Image-text web data:

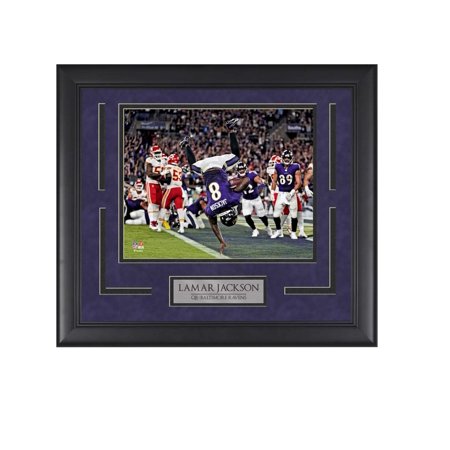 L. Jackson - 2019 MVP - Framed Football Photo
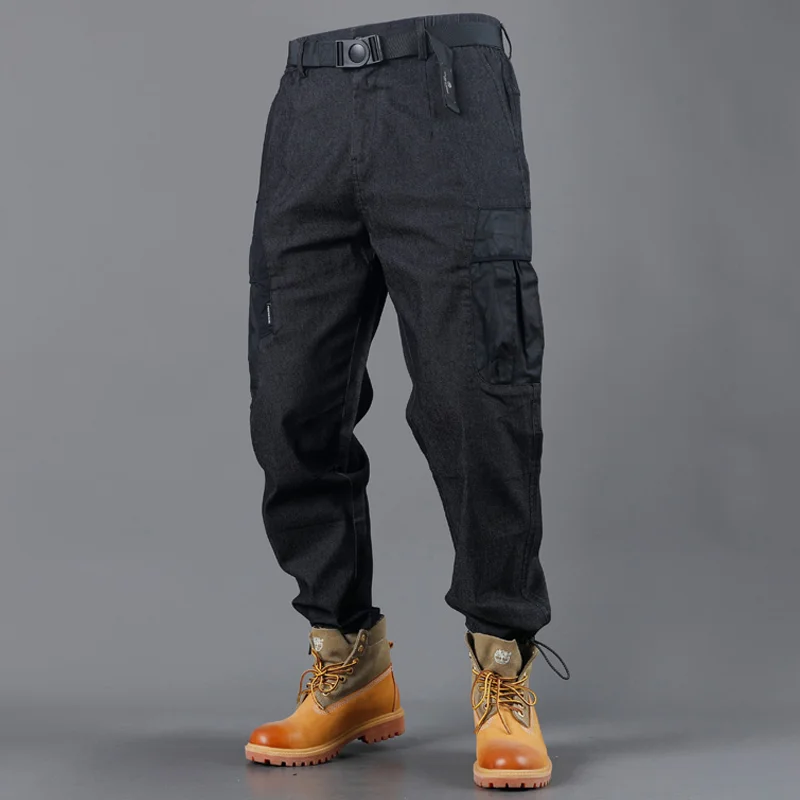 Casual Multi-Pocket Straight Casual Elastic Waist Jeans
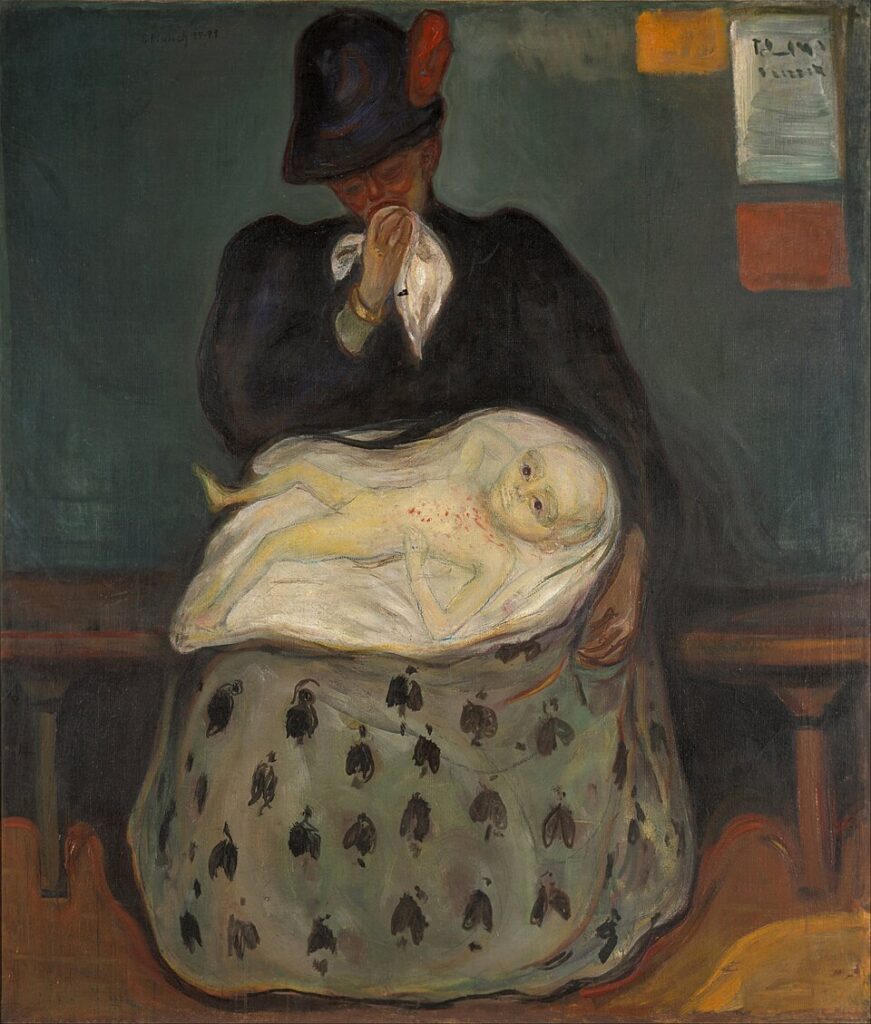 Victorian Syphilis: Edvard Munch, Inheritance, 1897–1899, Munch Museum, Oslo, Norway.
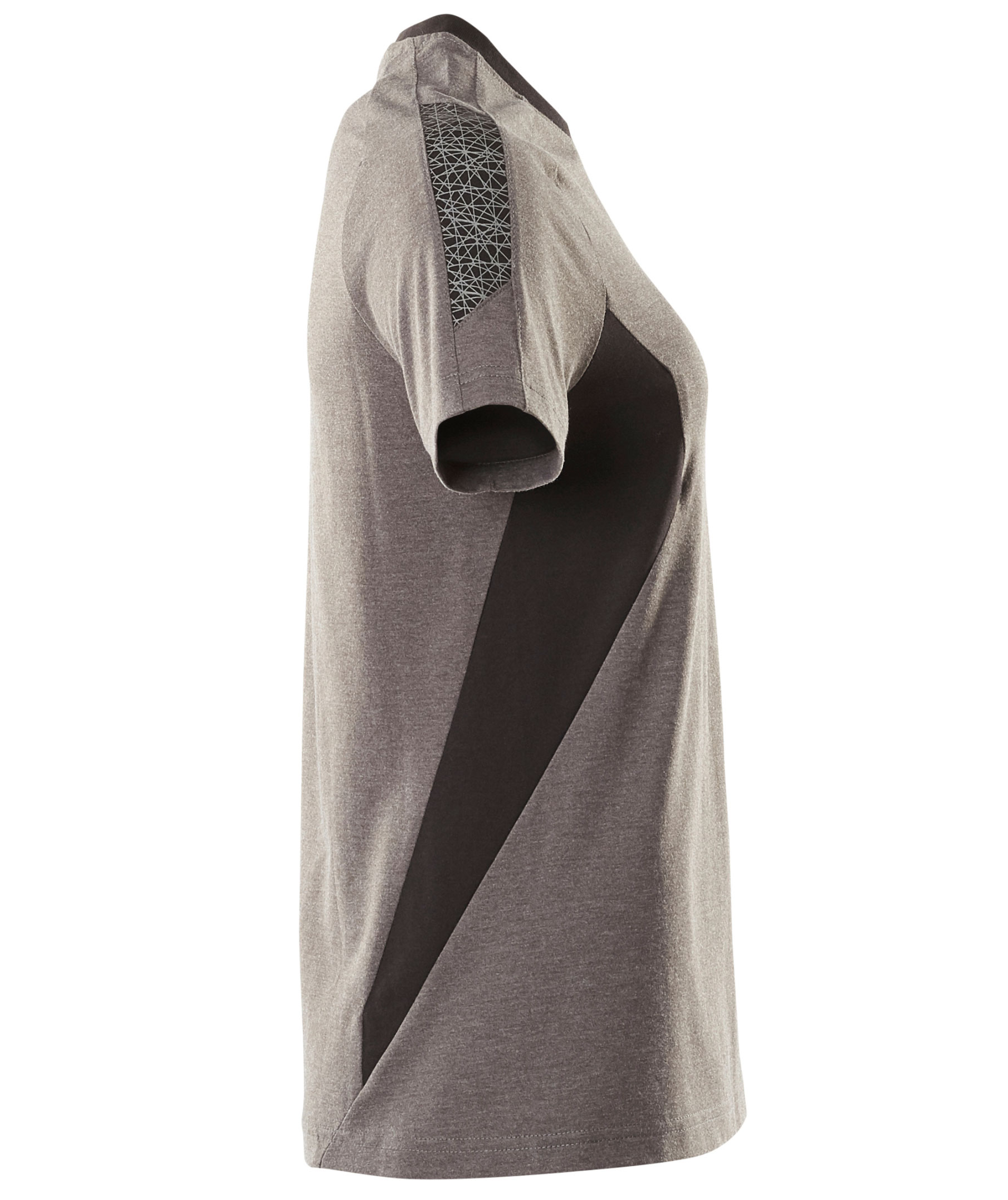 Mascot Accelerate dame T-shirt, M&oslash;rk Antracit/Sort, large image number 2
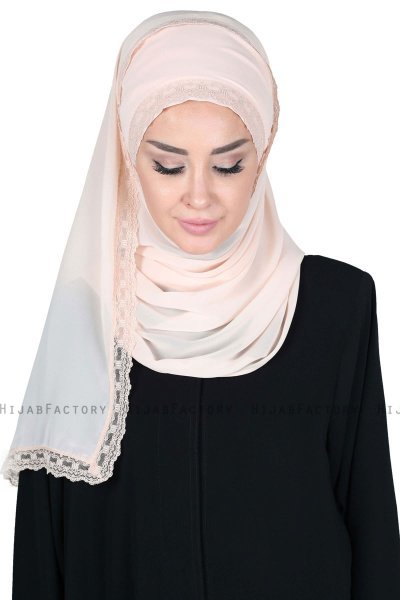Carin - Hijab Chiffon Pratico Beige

Task objective: Pictures do not belong in the copy. Repeat only the lines from the top of the records through the line containing "Mascot Accelerate dame".

Task solution:
 L. Jackson - 2019 MVP - Framed Football Photo
 Casual Multi-Pocket Straight Casual Elastic Waist Jeans
 Victorian Syphilis: Edvard Munch, Inheritance, 1897–1899, Munch Museum, Oslo, Norway.
 Mascot Accelerate dame T-shirt, M&oslash;rk Antracit/Sort, large image number 2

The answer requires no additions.